Qualche settimana fa, verso i primi giorni di agosto, sono andato al cinema per vedere Barbie; nuovo film di Gerwig che racconta l’epopea della bambola Mattel alle prese con pensieri di morte e femminismo. Nonostante il film fosse uscito da ormai diversi giorni, la sala, in un mercoledì sera, era lo stresso gremita di persone, fra cui moltissimi ragazzini e ragazzine, vestite per lo più di rosa. Il pubblico non era certo il solito depresso di una serata qualunque di agosto in Milano, le persone erano ben felici di essere presenti e trepidanti di iniziare la visione che vedeva come protagonista Margot Robbie e Ryan Gosling nei panni rispettivamente di Barbie e Ken.
La trama è molto semplice, siamo nel mondo Barbie e Margot Robbie che interpreta la bambola stereotipo (bionda e occhi azzurri) viene assalita da pensieri di morte e altre situazioni che la portano presto a confidarsi con Barbie Stramba la quale le consiglia di andare nel mondo reale. Barbie va quindi nel mondo reale accompagnata da Ken. Qui la sceneggiatura regge grazie a diverse trovate divertenti e gag di Gosling, su tutte quando chiede a Barbie di dormire insieme senza un apparente motivo. Poi ancora, il film presenta diversi balli, canti e altre battute giocate sui luoghi comuni e infine la scoperta di Barbie che il suo femminismo non ha influenzato il mondo degli umani, anzi! Nel mondo comandano solo gli uomini.
In questo film ci sono però diversi snodi importanti e svariate incoerenza di sceneggiatura che non tolgono il divertimento e le riflessioni sulla contemporaneità. Andiamo con ordine.

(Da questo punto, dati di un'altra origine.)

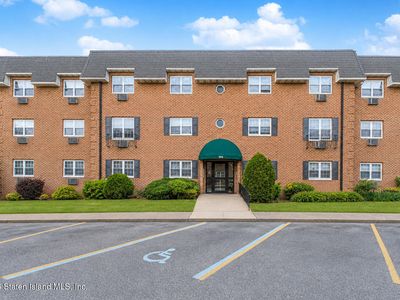 394 Maryland Ave APT 2A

Il motivo con il quale Barbie viene richiamata nel mondo reale è molto macchinoso. Il film Barbie è costato meno di 150 milioni di dollari, ma le sceneggiature in quella parte lasciavano molto a desiderare. Secondo, c’è stata troppa pubblicità. Anzitutto con Mattel, che è legittima in quanto ha prodotto il film con Warner Bros, ma il culmine si è raggiunto con il noto brand tedesco che produce sandali unisex. Non è un caso che le azioni della Birkenstock siano schizzate alle stelle dopo il primo giorno del film. Infine, sempre a mio avviso, il film dal punto di vista della sceneggiatura aveva delle lacune anche in base al contesto nel quale i personaggi si trovavano. Nel mondo Barbie mi va bene che i personaggi fluttuino, ci siano passaggi segreti e altro, ma nel mondo reale non l’ho trovato molto carino. Come non ho trovato molto carino utilizzare lo stereotipo dell’uomo che ama soltanto il cavallo (forza), la palestra (bel fisico) e la carriera (soldi) per descrivere i Ken. Dal film quasi tutti i Ken sembravano avere un alto tasso di deficienza, nel senso che sembravano tutti dei bambini in corpi di adulti.
Tutte queste cose, in un film con un gran bel potenziale, non mi sono sembrate sposarsi bene con il bel messaggio che Greta Gerwig voleva lasciare. Ovvero quello che la multiculturalità diventi la normalità. Non mi sono sembrate sposarsi bene perché ha rischiato uno di non farsi capire da tutti, magari sopravvalutando il suo target (ricordiamo che in sala c’erano e ci saranno molti bambini) e due perché è andata un po’ a screditare i Ken facendoli passare per bamboccioni cadendo nello stereotipo dell’uomo medio. Infatti la prova del nove, l’ho avuta quando fuori dalla sala ho sentito bambini chiedere ai propri genitori di spiegare dei passaggi e soprattutto chiedere se gli uomini fossero sempre cattivi. Probabilmente il bambino aveva paura di crescere come i Ken.
Il successo del film mostra però che il cinema, nonostante quel che si diceva qualche anno fa durante il Covid, non è morto e le sale si riempiono anche nelle sere di mezza estate. Bisogna però produrre film che portano le persone al ragionamento e non solo film commerciali privi di messaggi.